►

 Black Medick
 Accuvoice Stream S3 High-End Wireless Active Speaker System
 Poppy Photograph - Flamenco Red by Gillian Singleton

◄

# Task item
Copy the whole listing above once more, character for character.

# Solution to this problem
 Black Medick
 Accuvoice Stream S3 High-End Wireless Active Speaker System
 Poppy Photograph - Flamenco Red by Gillian Singleton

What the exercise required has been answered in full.